How countries outside the European Union can qualify under the bloc’s new privacy regime as having adequate privacy laws to accept data transfers is the subject of new guidance from EU privacy regulators.
The guidance issued by the Article 29 Working Party of privacy regulators from the 28 EU member countries focuses on how the European Commission, the EU’s executive arm, should assess the adequacy of foreign privacy laws under the new EU General Data Protection Regulation taking effect in May 2018.
Countries, or particular governmental data-sharing programs within a country, will have to aim for the higher user consent, new mandatory data breach notification rule, and other raised standards of the GDPR.
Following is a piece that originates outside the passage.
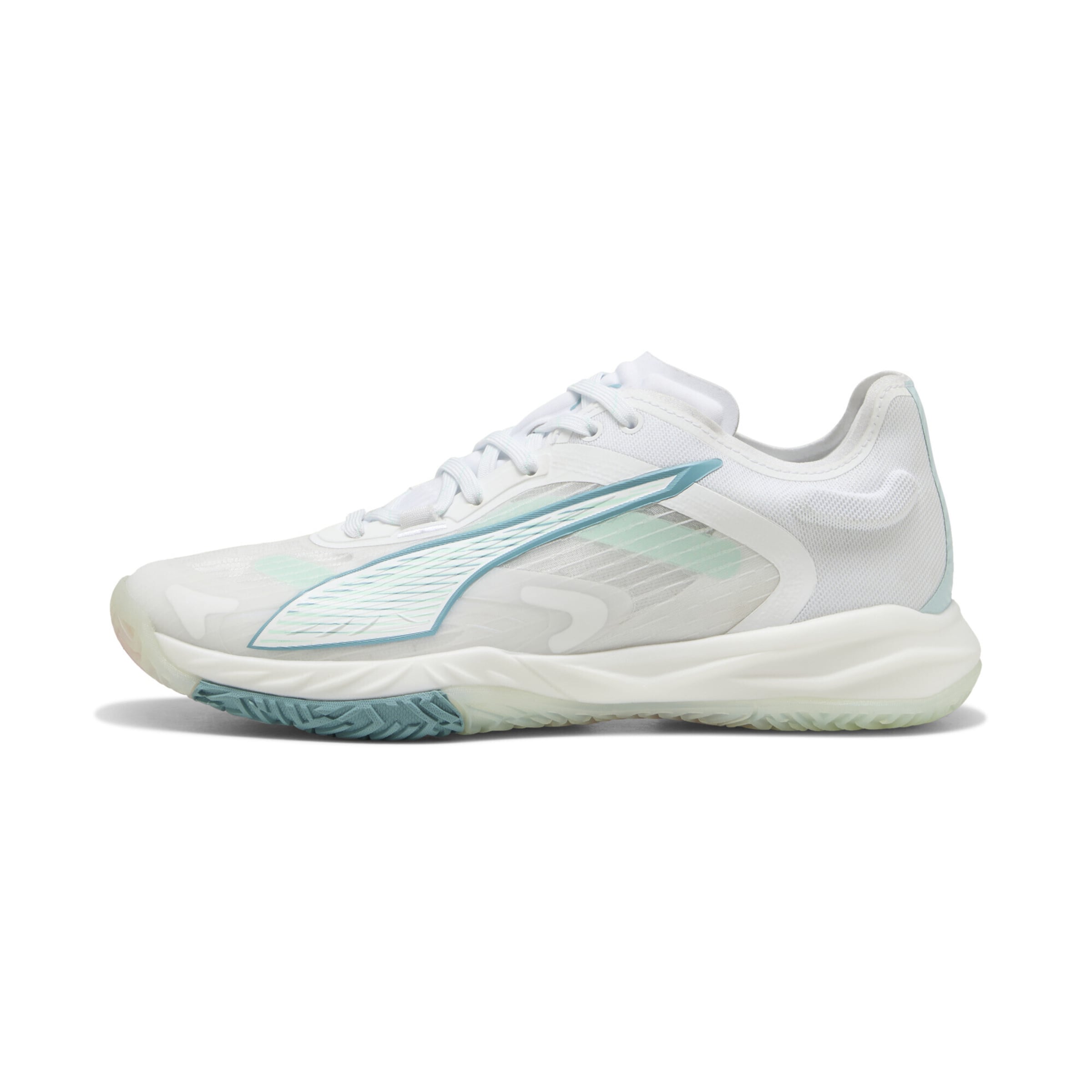 PUMA Sportschuh 'Accelerate Nitro Sqd 4 Game On' in Weiß: Vorderseite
“What is clear is that the guidance seeks to raise the bar with regard to adequacy findings, in that new adequacy findings will have to adhere to a GDPR level standard,” Alex van der Wolk, a privacy partner at Morrison Foerster LLP in Brussels, told Bloomberg Law.
A country’s privacy laws must include, among other things, principles to protect sensitive data; allowable purpose restrictions for using data; limits on how long data may be stored; data security rules; and individual rights to access and correct their collected personal information.
Although laws and implementing rules promising privacy protection are important in determining adequacy, a country must have a strong and efficient privacy enforcement scheme, the guidance stated.
The guidance said that in order to be found adequate, the enforcement regime of a country must have:
- competent independent regulators that monitor and enforce compliance with privacy laws;
- a high degree of accountability and awareness of obligations among companies that control the collection and use of data;
- obligations on companies that collect, control, or process data to demonstrate compliance with the privacy regime; and
- support for individuals seeking to exercise their rights and rapid and effective redress for infringements of those rights.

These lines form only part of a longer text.